Под руководством Проши все овощи мы засыпали в чугунок. Кируш и Гриша подгребали уголь, чтобы побольше было жару, подкладывали лучинки. Одним словом, дело шло. В чугунке булькал наш суп.

Через некоторое время Проша снял с гвоздика большой половник и зачерпнул для пробы. Мы не сводили с него глаз. Кируш громко сглотнул слюну.

— Ну, как? — тут же спросил он.

Проша задумчиво пожевал губами.

— Что-то вкуса нет. А, ребята? — удивился он.— Попробуйте сами. Чего-то не хватает, пожалуй!

Все по очереди приложились к половнику. Первым, как пострадавший, Тимуш. Он тоже почмокал губами и авторитетно заявил:

— Я бы масла добавил…

Гриша даже зачем-то понюхал палец, которым мазнул по половнику.

— Не в масле дело,— сказал он.— Не хватает лаврового листа и укропа. Верное слово, братцы! Без этих приправ — какой же суп!

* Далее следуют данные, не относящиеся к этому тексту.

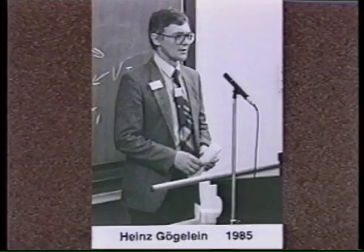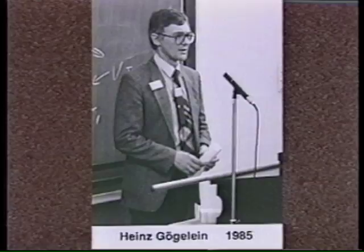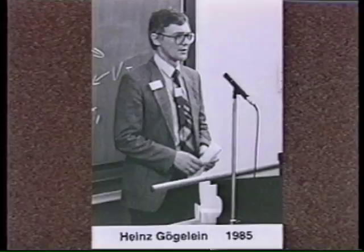Heinz Gögelein worked with Rainer Greger and introduced the patch-clamp technique in our institute. He is now a scientist at the Hoechst Marion Roussel pharmaceutical company. To sum up, many of the co-workers hold chairs, directorships, or leading positions in industry, and many have contributed importantly to the progress of nephrology.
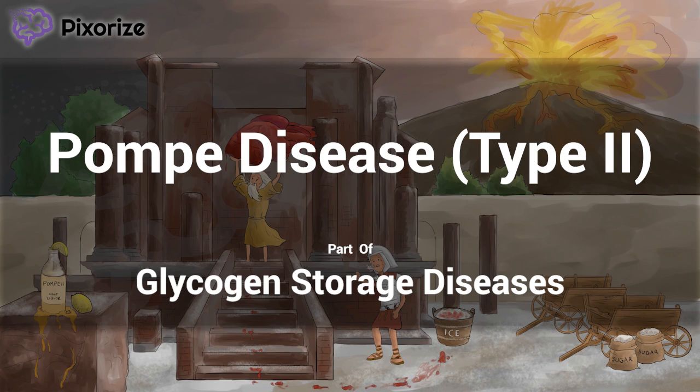Hello and welcome to Pixarize's scene on Pompe disease. In this video, we'll quickly review the pathology and clinical findings of this glycogen storage disorder, so you'll be sure to pick the right answer on your exams.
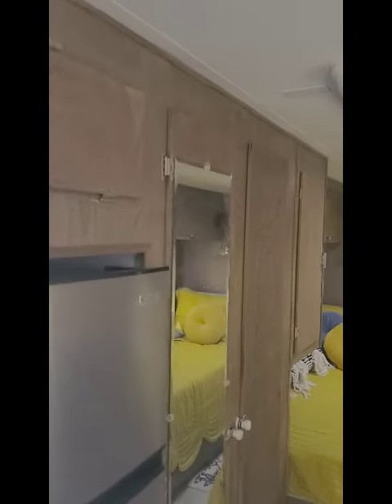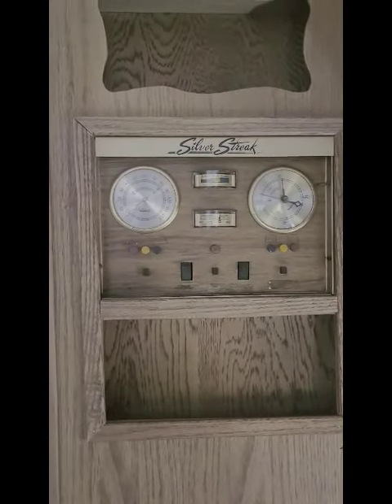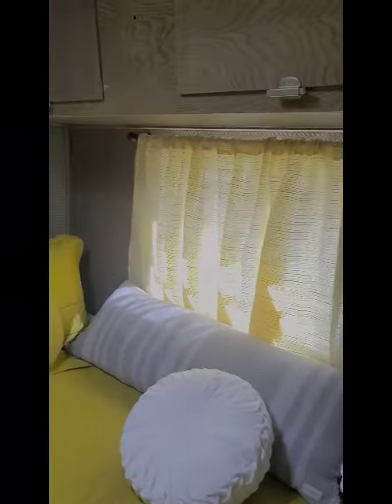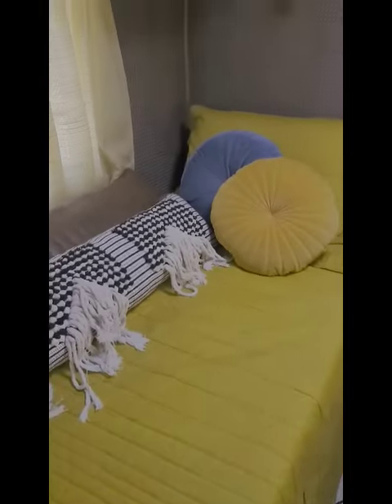Almost full-sized refrigerator, lots and lots of storage space. The original dials, the thermometer, and the barometer work; the rest of the gauges don't work because there's no need. New paneling and leatherette on the walls, new memory foam beds.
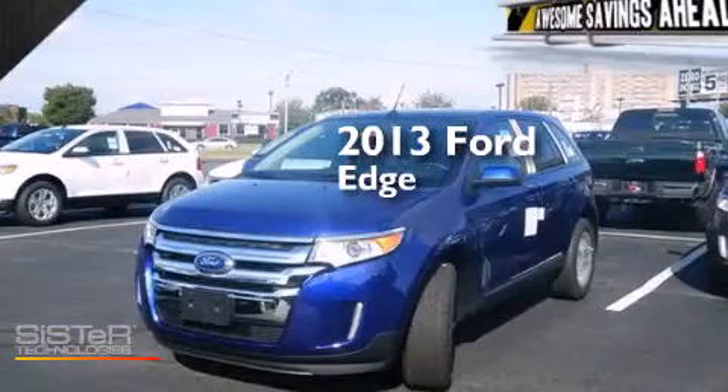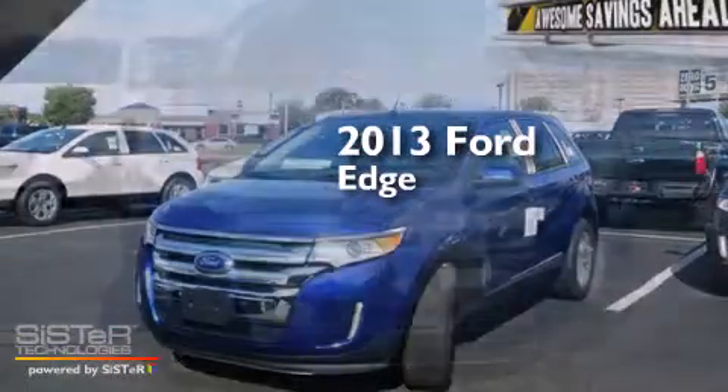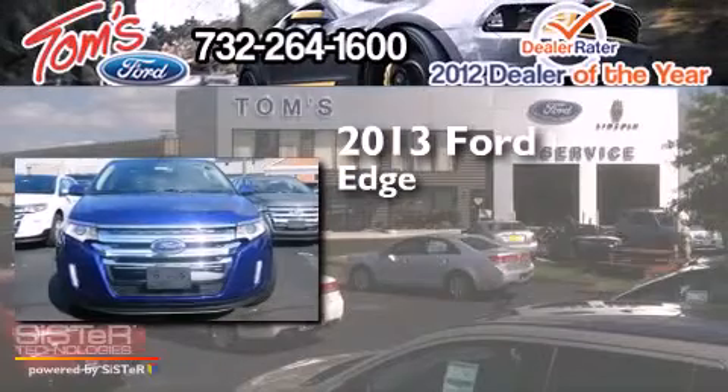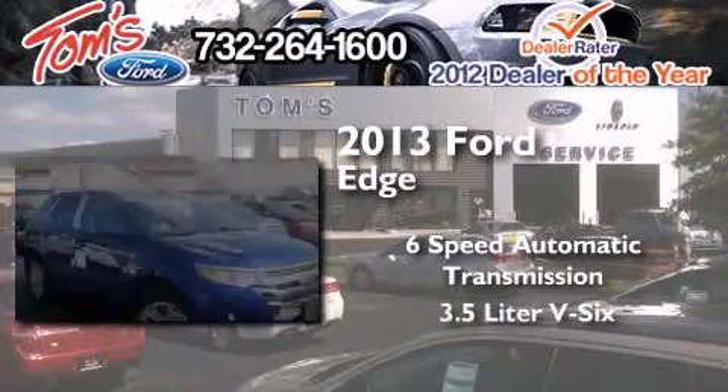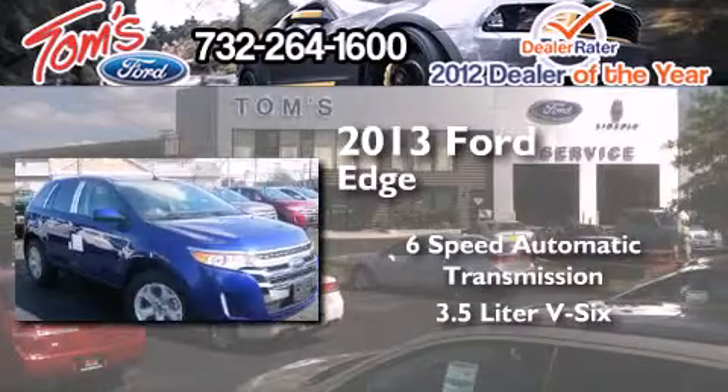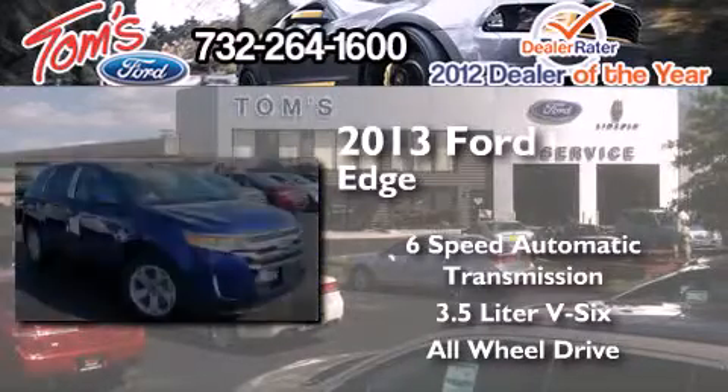This is a brand-new 2013 Ford Edge. This crossover has a 6-speed automatic transmission, a 3.5-liter V6, and the added safety and control of all-wheel drive.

— Вот еще! — возразил Кируш.— Терпеть не могу лаврового листа. Запах полыни и то лучше. Сюда надо добавить чесноку! От него — вкус. Ей-богу! И полезно. Кто ест чеснок, того болезни обходят. Мне брат говорил, а он у нас врач, он-то все знает. Народное средство!

Никто спорить не стал. Народное, так народное. Проша, выслушав всех, поднял палец кверху.

— Берем на вооружение все предложения! — провозгласил он.— Добавим чеснок, укроп, масло, лавровый лист. А ты чего молчишь? — обратился он ко мне.— У тебя что. мнения нет?

Я сразу и не нашелся, что ответить. Но, поскольку раньше речь шла об укропе и лавровом листе, я вспомнил о сэрде[4]. Это было мое любимое блюдо, и я неуверенно предложил:

— А что если положить сэрде? Не знаю, как вы, а я его люблю. Особенно зимой такой суп очень вкусный.

— Это верно,— подхватил меня Гриша.— Суп-сэрде я ни на что не променял бы. Только где его взять?